This a traditionally Italian engine, filled to its crackle red cam covers with character. Yes there’s a sports exhaust with an active valve that opens in Sport mode for the full operatic effect, but even then the sound is cultured and just the right side of noisy - there’s none of the ostentatious bombast you get with Range Rover Sport and Jaguar F-Pace SVRs. It snarls and howls under load, then cracks, pops and burbles on the overrun. It’s glorious tenor never more than a right foot flex away.
Peak torque comes in at just 2,500rpm, but there’s a decent chunk of it below even this crank speed, meaning the Trofeo covers ground at a fair old lick, easily feeling as fast as Porsche Cayenne Coupe Turbo. It’s the sort of effortless, lag-free urge you expect from turbocharged engines these days, but while the torque curve is flat, the V8’s performance still builds excitingly, crescendoing with a snarling rush of revs over the last 1,000rpm or so.
Happily, the engine is mated to the familiar eight-speed ZF auto, which delivers smooth and crisp shifts in auto mode, yet reacts quickly to the long steering column-mounted paddles - Maserati claims that in Corsa mode the changes take just 150milliseconds.
Corsa also puts the chassis in its sharpest configuration, with the air springs lowered by 35mm and stiffened by about 20 percent. The Q4 transmission is also primed to stay in rear-wheel drive mode for longer, the ESP is relaxed, throttle is sharpened and the exhaust flaps are fully opened.
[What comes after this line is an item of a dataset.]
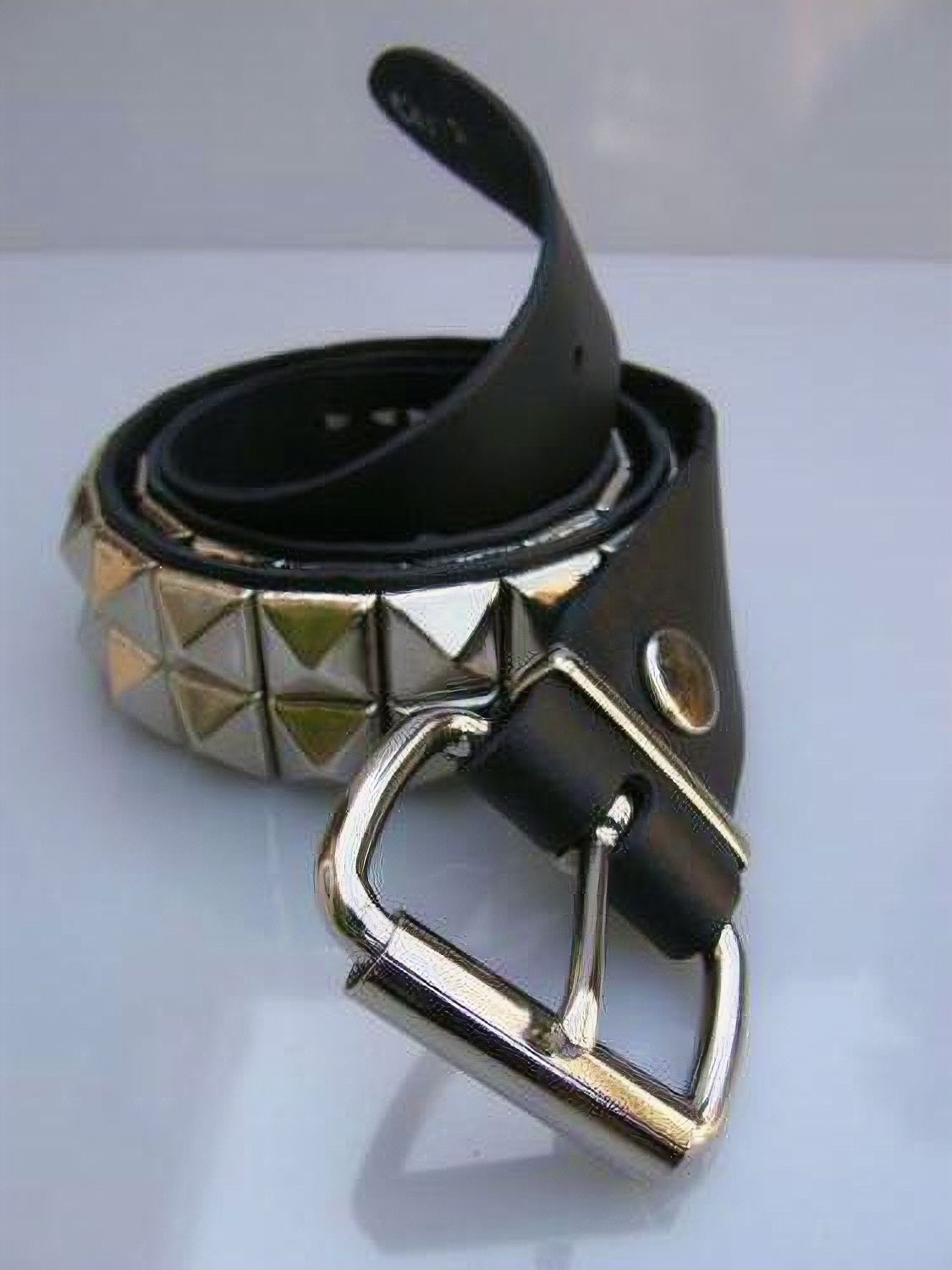 Riem 2 Row Pyramid Studs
Even in its firmest configuration the Levante copes well with some of the torn and ragged tarmac we encounter - this is a more forgiving setting than the Cayenne’s Sport+ mode. Yes this means the Maserati doesn’t quite have its German rival’s cast iron control in extremis, but the trade off is more approachable handling.
It’s still a big car, and the mass eventually tells, but driven as briskly as you dare over give-and-take roads the Trofeo is surprisingly entertaining. The algorithm enhanced ESP subtly braking individual wheels (it’s almost imperceptible) to rotate the car into a corner and quell understeer, while the Skyhook adaptive dampers give the Levante the feeling it’s breathing with the road, rather than pummeling it into submission.
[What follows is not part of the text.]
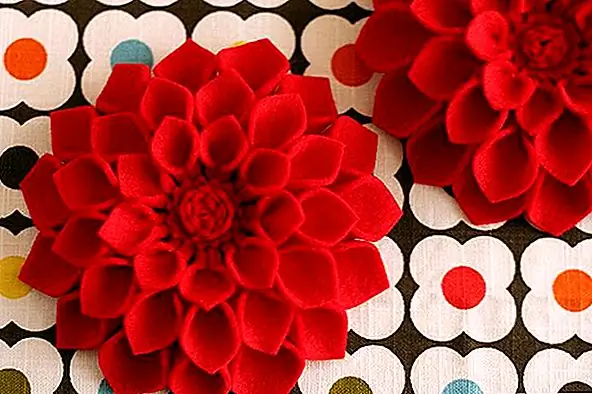 Чтобы сделать стильный фетровый цветок, подобный этому, вам понадобятся ножницы, тканевый клей, ремесло с двумя контрастными цветами, одно для цветка и одно для спины, игла и нитка и тонкий картон. Например, если вы хотите превратить цветок в брошь, вам также понадобится булавка. {Found on notmartha}.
Push really hard and the Maserati struggles a little, getting a touch floaty over big bumps and rolling onto its outside rear wheel when really loaded up. However, in the wet conditions we experienced it’s possible to edge the tail out on the exit of slower corners if you’re greedy with the throttle. The rest of the time the Levante simply digs in and goes, the transmission quickly and seamlessly firing torque forward for a rapid corner exit. You have to be precise and neat - this isn’t a car that likes to have it’s attitude shifted mid-corner - but there are real rewards to be had here.
Arguably the weakest link in the dynamic make up is the steering, which quick and precise enough, but suffers from slightly artificial weighting and feedback in Sport and Corsa - it’s feels more natural in Comfort. Speaking of which, knock everything back to its quietest and softest and the Levante is a composed and comfortable cruiser, those air springs adding just the right amount of waft to proceedings.
The rest of the package is as before, which means the Maserati just trails the German competition for overall quality, with some of the plastics and switchgear still feeling a bit FCA hand-me-down and the touchscreen infotainment looking and operating like a unit that’s a generation behind the best. Yet the first rate leather, that exposed carbon fibre weave trim and the impressive finish all help lift the ambience - the Levante still feels a bit special. It’s roomy enough too, even if the rising waistline and smaller rear windows do make the rear feel a little gloomy. Bright red trim like our test car’s is a must.